Na projektach inwestora suchej nitki nie zostawiają członkowie Towarzystwa Miłośników Historii i Zabytków Krakowa.
"Ochronę i zachowanie budynku hotelu »Cracovia« uzasadnia:
- wysoka jakość architektury,
- wartość stylowa, jako przykładu zamkniętej już historycznie fazy powrotu
modernizmu po socrealizmie,
- rola w kompozycji urbanistycznej - "wejście" na Błonia krakowskie, jako
odpowiednika przeciwległego gmachu Muzeum Narodowego,
- jednolity kompleksowy związek architektoniczno-urbanistyczny z budynkiem
kina "Kijów", który powinien być utrzymany, niezależnie od aktualnie różnej
własności tych obiektów” - napisali m.in. w uwagach do projektu miejscowego planu zagospodarowania prof. Jerzy Wyrozumski, prezes Towarzystwa, i dr Zbigniew Beiersdorf, przewodniczący Komisji Konserwatorskiej TMHiZK.
- Zabieranie głosu w ważnych sprawach dla miasta, szczególnie zaś tych dotyczących jego historii i zabudowy, jest naszym obowiązkiem. Czynimy to regularnie od 1897 r., gdy założono Towarzystwo - mówi prof. Wyrozumski.
Zwolenników utrzymania budynku "Cracovii" w dotychczasowym kształcie zewnętrznym nie przekonują twierdzenia inwestora oraz niektórych architektów, że "czas tego budynku minął" i nie jest on w stanie dłużej wykonywać dotychczasowych funkcji.
- Czas Barbakanu krakowskiego, jako nowoczesnego budynku architektury militarnej, też już dawno minął, a nikt nie zamierza go burzyć - nie kryje irytacji Konrad Myślik, publicysta, rzecznik prasowy TMHiZK.
Miłośnicy Krakowa zdają sobie sprawę, że sprawa budynku "Cracovii" jest tylko wierzchołkiem góry lodowej.
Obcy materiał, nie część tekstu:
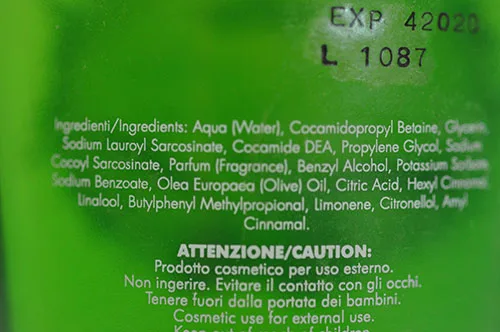 Shower oil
- Dlaczego się tak szamotamy w tej sprawie? W Krakowie bowiem jak w soczewce widać konflikty związane z rozwojem przestrzennym miast. Skarb państwa pozbył się tu i pozbywa nadal budynków oraz terenów w miejscach istotnych dla miasta. Władze miejskie nie czynią dostatecznie wiele, by skorzystać np. z prawa pierwokupu i wykorzystania tych miejsc z pożytkiem dla społeczności lokalnej. Przecież budynek "Cracovii" mógłby po przebudowie służyć potrzebom magistratu - argumentuje prof. Jacek Purchla, wybitny znawca dziedzictwa kulturowego i historii rozwoju przestrzennego Krakowa, wiceprezes TMHiZK . - Poza tym w 2003 r. przerwano w skali całego kraju ciągłość planistyczną. Negatywne skutki tego można zaobserwować także pod Wawelem.
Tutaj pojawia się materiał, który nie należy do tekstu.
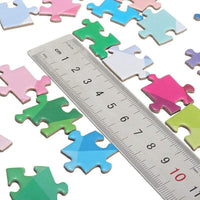 corlado | Gradient Farbige Regenbogen Runde Puzzles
Miłośnicy Krakowa pozyskali sojuszników wśród krakowskich parlamentarzystów z rozmaitych ugrupowań politycznych. W akcję ocalenia budynku "Cracovii" jako wybitnego reprezentanta polskiej architektury modernistycznej zaangażowali się m.in. poseł Andrzej Duda z PiS, poseł Józef Lassota z PO, b. prezydent Krakowa i senator Janusz Sepioł z PO, b. marszałek województwa małopolskiego.